School of forestry and environmental studies

School Notes: School of the Environment
May/June 2010

Ingrid C. “Indy” Burke | http://environment.yale.edu

When measuring air pollution’s effect, it’s all about location

Where air pollution occurs can greatly affect its economic consequences, according to research conducted by an environment school professor and a colleague. Robert Mendelsohn ’78PhD, Edwin Weyerhaeuser Davis Professor of Forest Policy, and Nicholas Muller ’07PhD, an economics professor at Middlebury College, examined the costs of the damages caused by air pollution emissions at various locations. They found that air pollution has something oddly in common with real estate: “It’s all about location, location, location,” Mendelsohn said. “Just like where a house is located makes a big difference in its value, a polluter’s location can make a huge difference in terms of the economic consequences of its emissions.”

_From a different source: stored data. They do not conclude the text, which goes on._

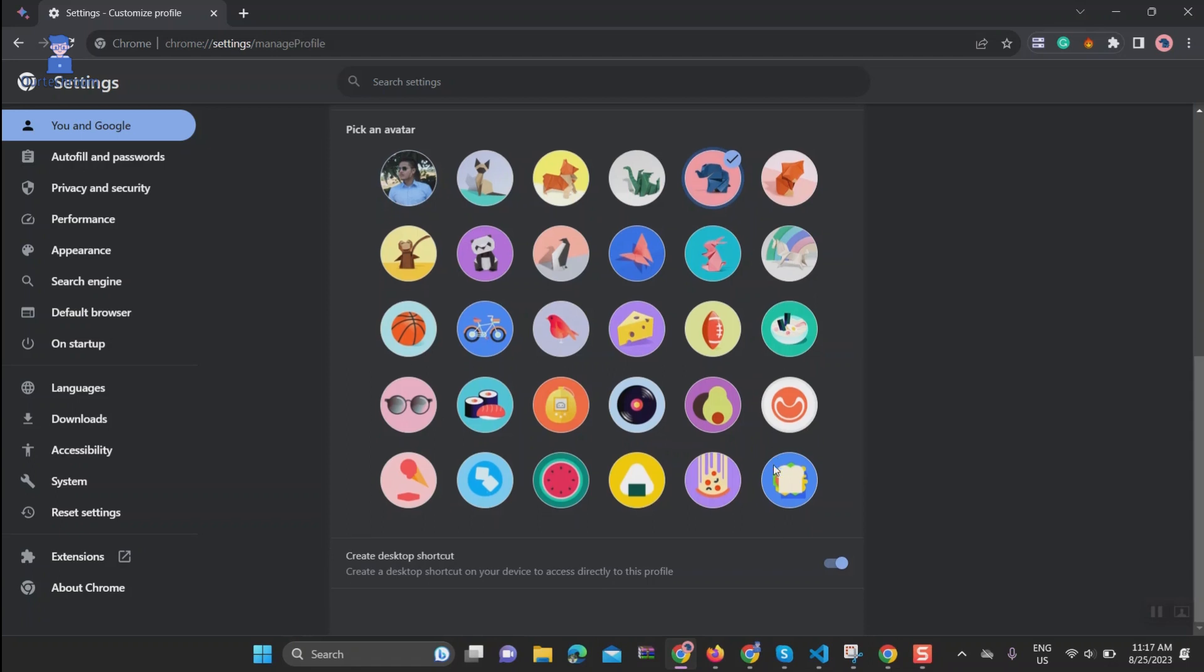You can see avatar is applied. You can select others to test.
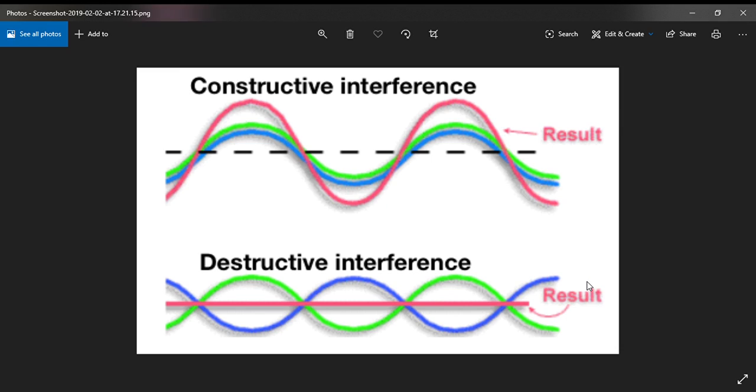Sometimes we hear this term 'send me good vibes, I need good vibes, those are bad vibes.' But there's actually science behind these terms of good vibes and bad vibes. These are known as constructive interference waves and destructive interference waves.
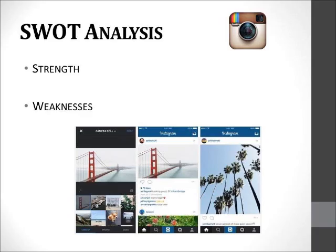Instagram also has weaknesses. Pictures and videos shared on Instagram can be found in low quality. Various other social media platforms are also present, which can create a limited market share. Only Android or iPhone users can use this application.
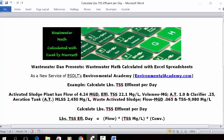Problem reads: activated sludge plant has flow of 4.24 MGD, effluent TSS of 22.1 mg/L, volumes in million gallons, aeration tank 1.0, clarifier 0.25.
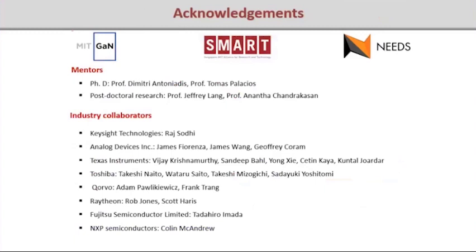I'd like to thank all the collaborators and sponsors for the development of this model, and Keysight for inviting me for this talk.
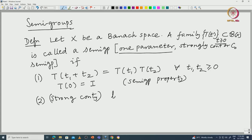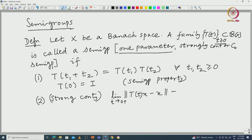The second condition is strong continuity — specifically strong continuity only at the origin, at t equal to 0. The limit of the norm of T(t)x minus x in the Banach space X as t tends to 0 equals 0, for all x in X. This is different from uniform convergence: T(t) converges to the identity in the strong topology, not the uniform topology.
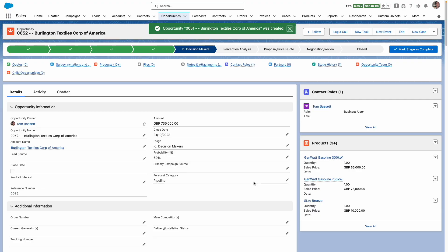I've now been taken to my cloned opportunity and you can see, as expected, that contact roles and products have followed the cloned opportunity. Thanks for tuning in.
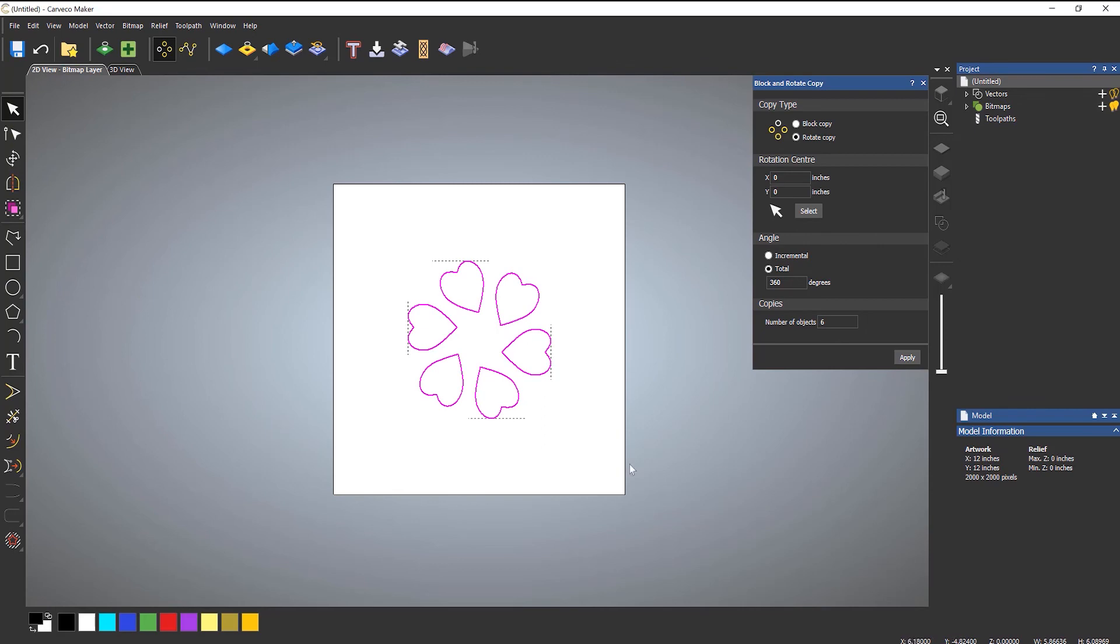So that's how you use a block copy and a rotate copy within the software.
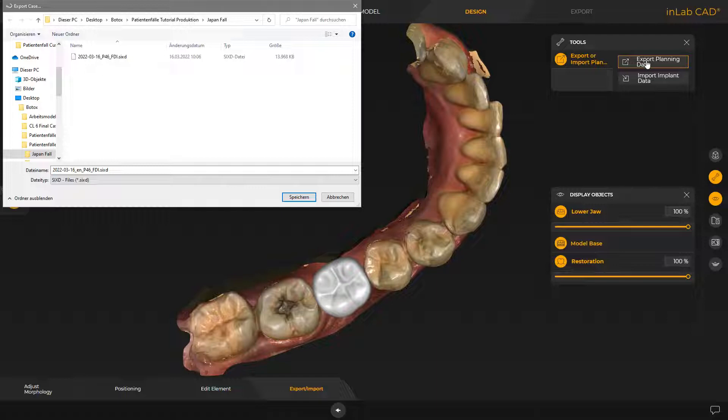By tapping Save, the data is saved in SIXD format so that it can be imported into the CCAT implant software. If you want to export to Galileo's implant, you have to select the format SSI via the drop-down menu.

As an example, they estimate that an extra ton of a single pollutant, sulfur dioxide, spewed from a power plant in, say, parts of the New York metropolitan area would cost society 50 times more than that same ton emitted in the rural Pacific Northwest. Most of that cost involves harm to human health, although the two economists also considered other factors, including the known damage that pollution can do to crops, forests, and man-made materials. Mendelsohn and Muller propose a new era of pollution regulation that takes into account these differences. The research was published in the December 2009 issue of the American Economic Review.

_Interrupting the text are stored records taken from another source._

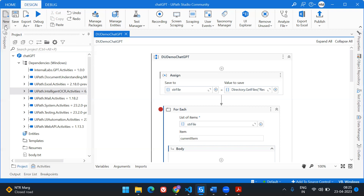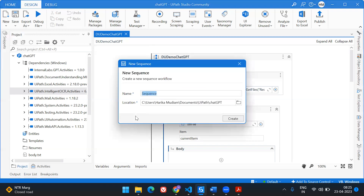Without any further ado, let's get into the video and recreate this whole workflow. If you're watching my channel for the first time, I'm Harika and I create videos on UiPath, RPA, and I'm learning chatbot and advanced AI technologies. Please give a thumbs up and subscribe so you don't miss any videos.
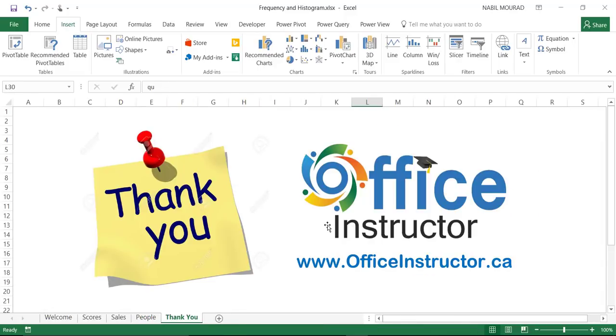I hope you liked this tutorial. Thank you for watching, and see you in our next training video.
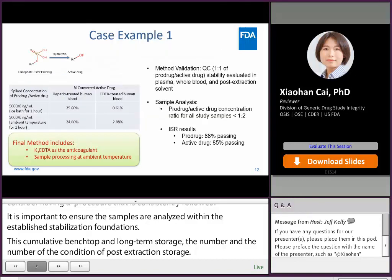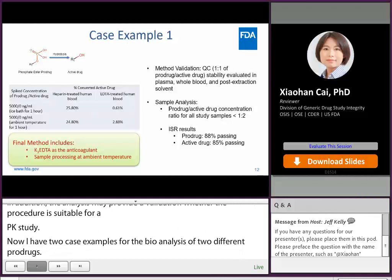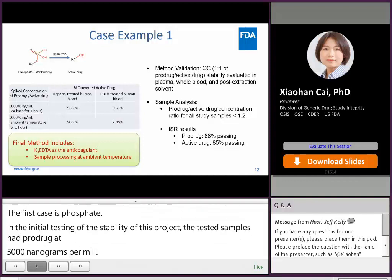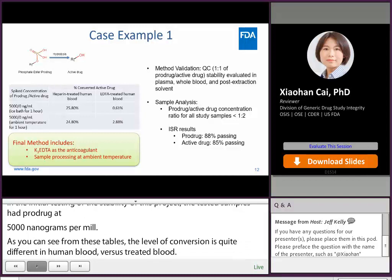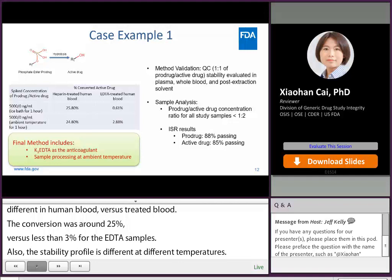Now I have two case examples for the bioanalysis of two different pro-drugs. The first case is on a phosphate ester pro-drug. In the initial stability testing, samples had pro-drug at 5,000 ng/mL alone, and both analytes were quantified to monitor concentration change. As you can see from this table, the level of conversion was quite different in sodium heparin-treated human blood versus EDTA-treated blood. For heparin-treated samples, conversion was around 25%, versus less than 3% for EDTA samples. Also, the stability profile differed at different temperatures — samples stored in an ice bath had less conversion compared to those stored at room temperature.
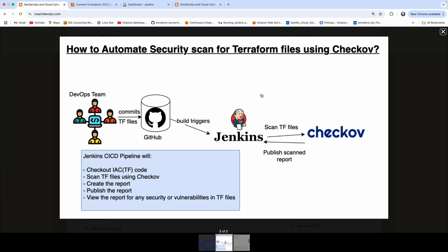In this video, we are going to learn how to automate security scanning of our Terraform files using a tool called Checkov.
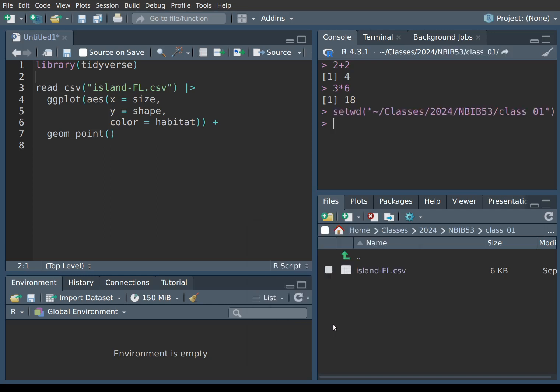And once you do that, then your working directory has changed. You see that the appropriate command has been pasted and executed in the console. You might also notice that here, which is a little bit of a cheat sheet for you where you can always see your current working directory, the contents have changed and now we're pointing to the folder where our file is. So now actually we could simply run this program.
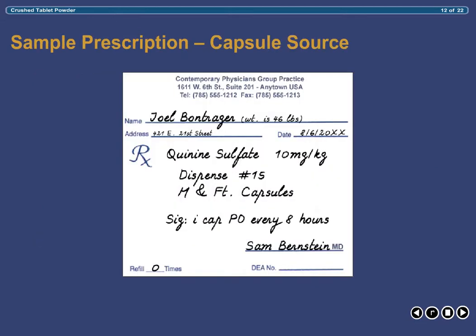In order to illustrate this same procedure using a commercially prepared capsule as the source of active ingredient, we will use the following sample prescription. This prescription asks the pharmacist to compound 15 capsules containing quinine sulfate at 10mg per kilogram of the patient's body weight per capsule.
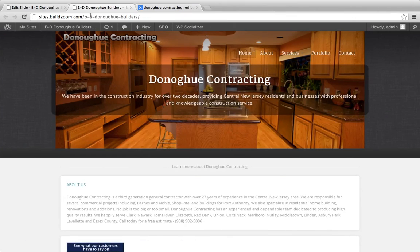We're going to take a look at a WooTheme called Scrollider. It's a really cool new theme that they've come up with, but there are some quirks we want to work through. A lot of those quirks have to deal with the scrolling slider at the top of the site.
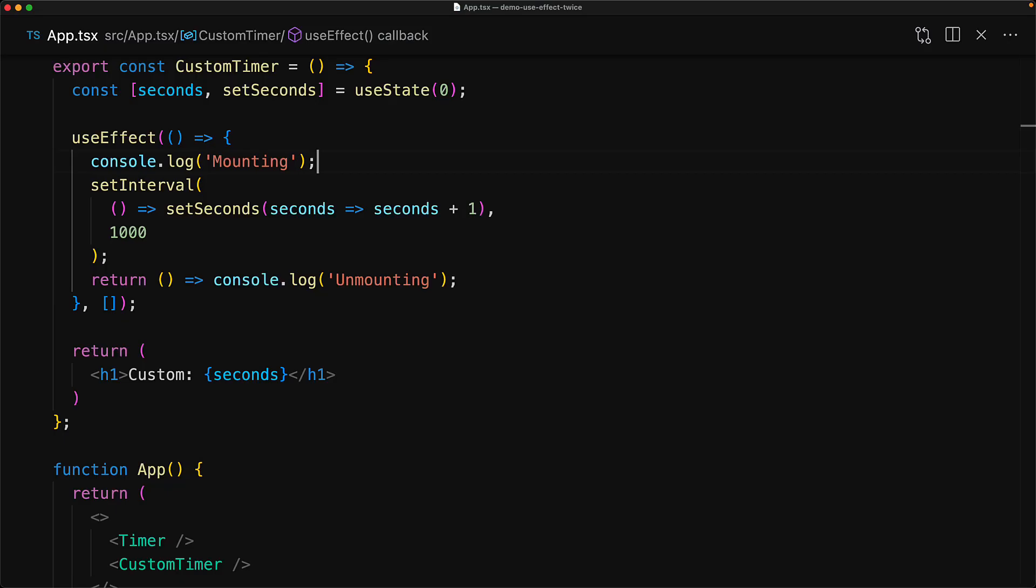The issue is that we set up a setInterval when our component is mounted, but we never clear this interval. So when the component gets mounted again, we have two instances of setInterval running, which is resulting in our seconds getting incremented by two in every second.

Online magazine wins national award

Yale Environment 360, the environment school’s online magazine, has won the award for best video in the 2010 National Magazine Awards for Digital Media, for an original report that it produced and posted on the site about mountaintop removal coal mining in Appalachia.

The video, Leveling Appalachia: The Legacy of Mountaintop Removal Mining, was one of five finalists in the video category that included National Geographic and the New York Times style magazine. Directed by Chad Stevens and produced by Yale Environment 360 and the multimedia company Media Storm, the 20-minute video depicts the enormous environmental and human costs of mountaintop removal mining. The practice, which involves blasting the tops off mountains to get at the coal seams below, has destroyed or severely damaged more than a million acres of Appalachian forest, buried nearly 2,000 miles of streams in mining debris, contaminated water supplies, and driven some local residents from their homes.

Launched in June 2008, Yale Environment 360 was one of just six online-only magazines to receive a nomination as a finalist for this year’s National Magazine Awards, which are regarded as the most prestigious awards in magazine publishing.